From Thomas Jefferson to Vergennes, 21 December 1785

To Vergennes

Paris December 21. 1785.


I receive this moment a letter of which I have the honor to inclose your Excellency a copy. It is on the case of Asquith and others, citizens of the United States, on whose behalf I had taken the liberty of asking your interference. I understand by this letter that they have been condemned to lose their vessel and cargo, and to pay six thousand livres and the costs of the prosecution before the 25th. instant or to go to the gallies. This paiment being palpably impossible to men in their situation, and the execution of the judgment pressing, I am obliged to trouble your Excellency again by praying that if the government can admit any mitigation of their sentence, it may be extended to them in time to save their persons from it’s effect.
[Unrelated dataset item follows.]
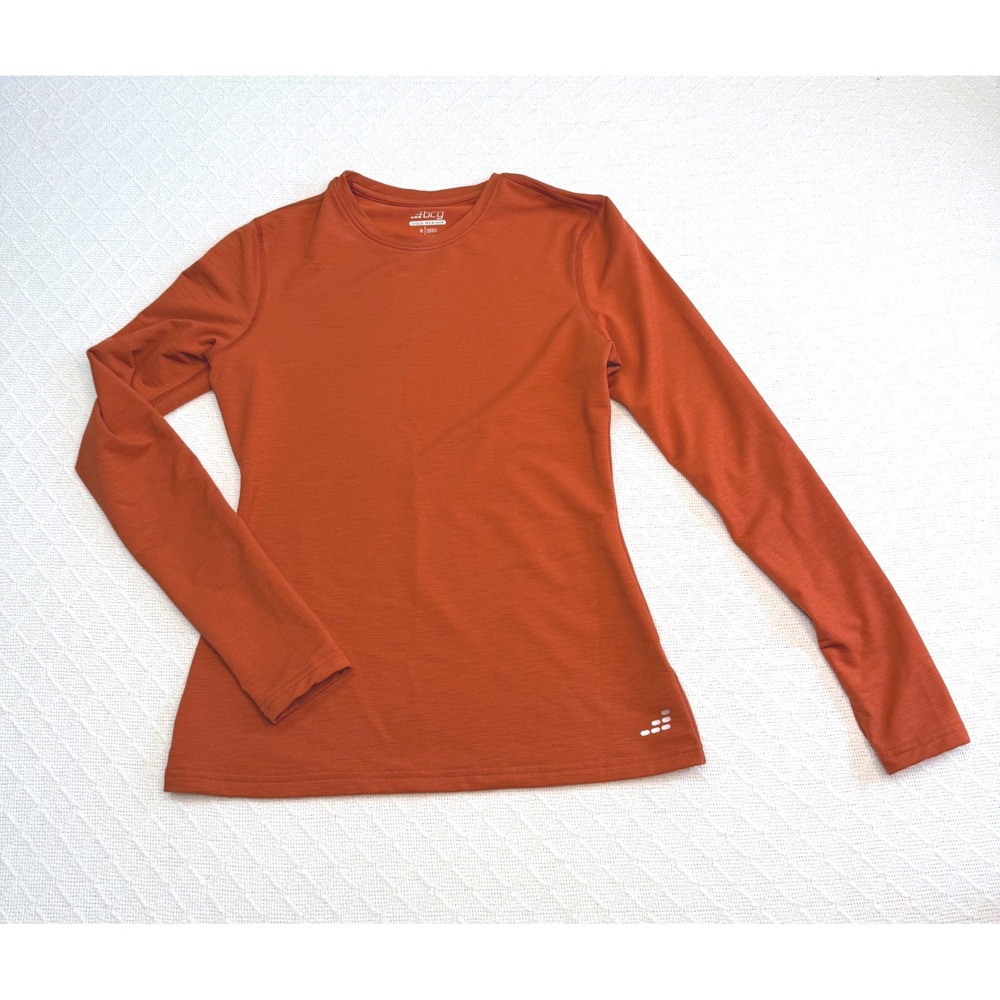 BCG Cold Weather Women Small Burnt Orange Long Sleeve Top Thumbholes 163273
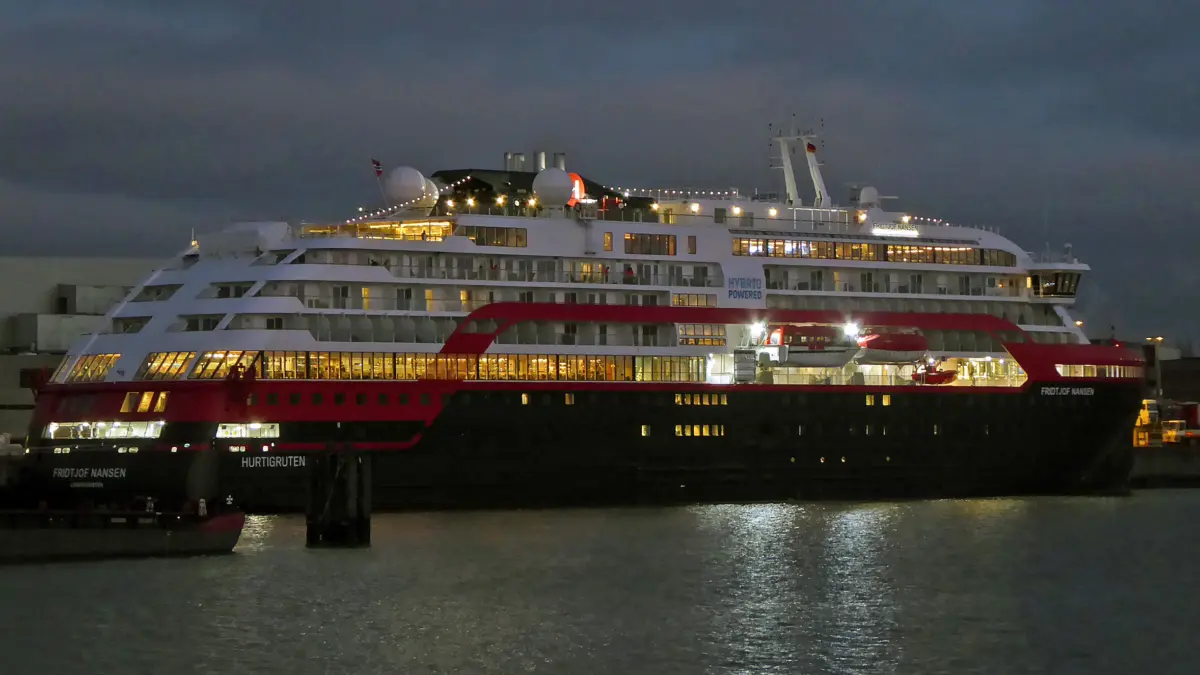 MS Fridtjof Nansen HX Expeditions ship in Hamburg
I have the honor to be with sentiments of the highest respect Your Excellency’s most obedient and most humble servant,

Th: Jefferson

RC (Arch. Aff. Etr., Corr. Pol., E.U., xxx); at head of text in Vergennes’ hand: “M. de R[ayneval]”; with a French translation bearing at head of text the note: “Envoyé copie de cette Lettre [et de] celle y jointe a M. de Calonne le 27 Xbre. 1785.” PrC (DLC); lacks part of complimentary close and signature which in RC were carried over to second page. Enclosure: Jean Diot & Cie. to TJ, 14 Dec. 1785.